Pictures with short captions.
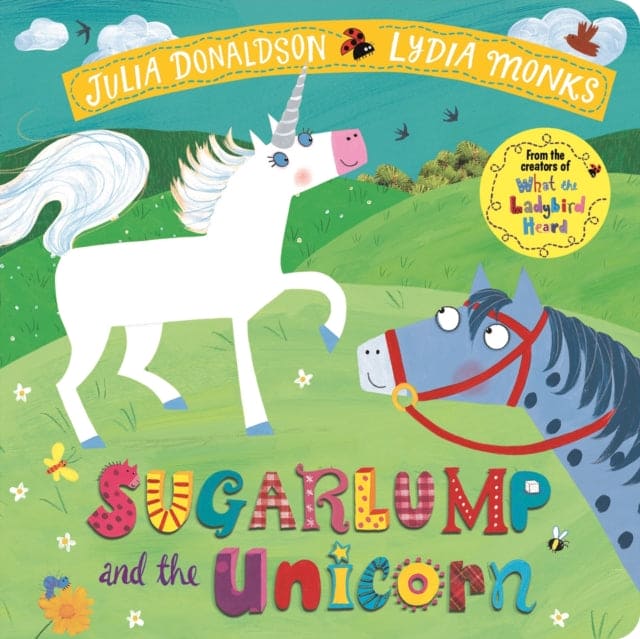 Sugarlump and the Unicorn - Book from The Bookhouse Broughty Ferry- Just £6.99! Shop now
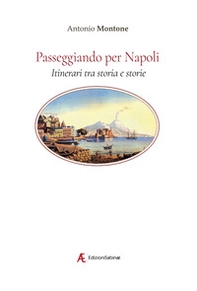 Passeggiando per Napoli. Itinerari tra storia e storie - Librerie.coop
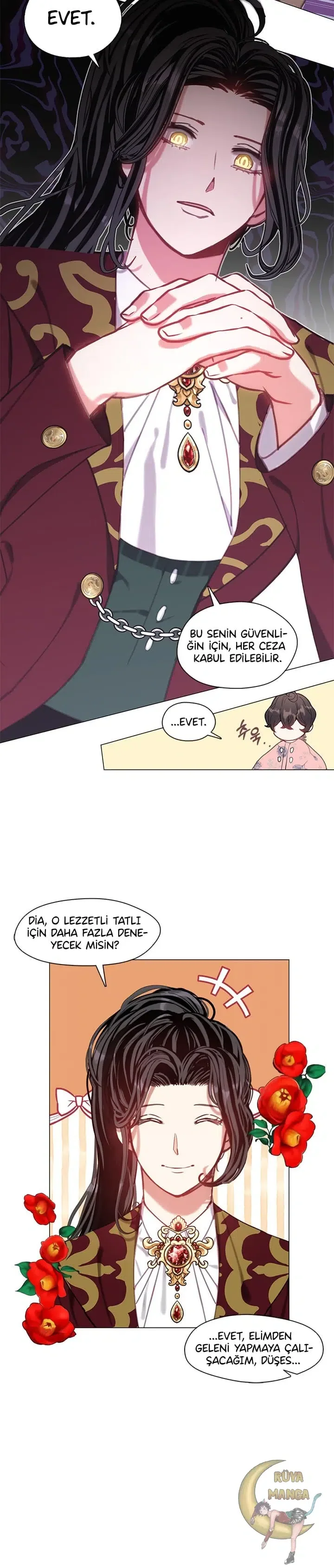 My Family is Obsessed with Me - Bölüm 9 - Sayfa 12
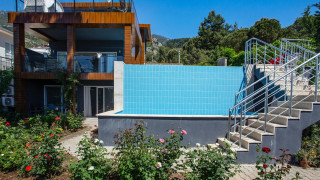 VKV5769 Villa Kalkan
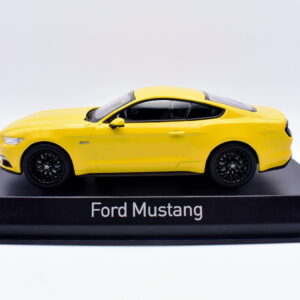 Modellino auto scala 1:43 ford mustang norev diecast modellismo statico da collezione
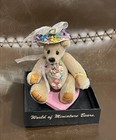 World Of Miniature Bears Millie  779 By Tina Richardson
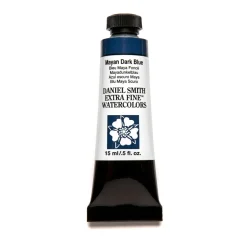 Daniel Smith akvarellfärg 15 ml Mayan Dark Blue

EXERCISE REQUIREMENTS. Without copying the pictures, transcribe the entries exactly.

WRITTEN REPLY.
 Sugarlump and the Unicorn - Book from The Bookhouse Broughty Ferry- Just £6.99! Shop now
 Passeggiando per Napoli. Itinerari tra storia e storie - Librerie.coop
 My Family is Obsessed with Me - Bölüm 9 - Sayfa 12
 VKV5769 Villa Kalkan
 Modellino auto scala 1:43 ford mustang norev diecast modellismo statico da collezione
 World Of Miniature Bears Millie  779 By Tina Richardson
 Daniel Smith akvarellfärg 15 ml Mayan Dark Blue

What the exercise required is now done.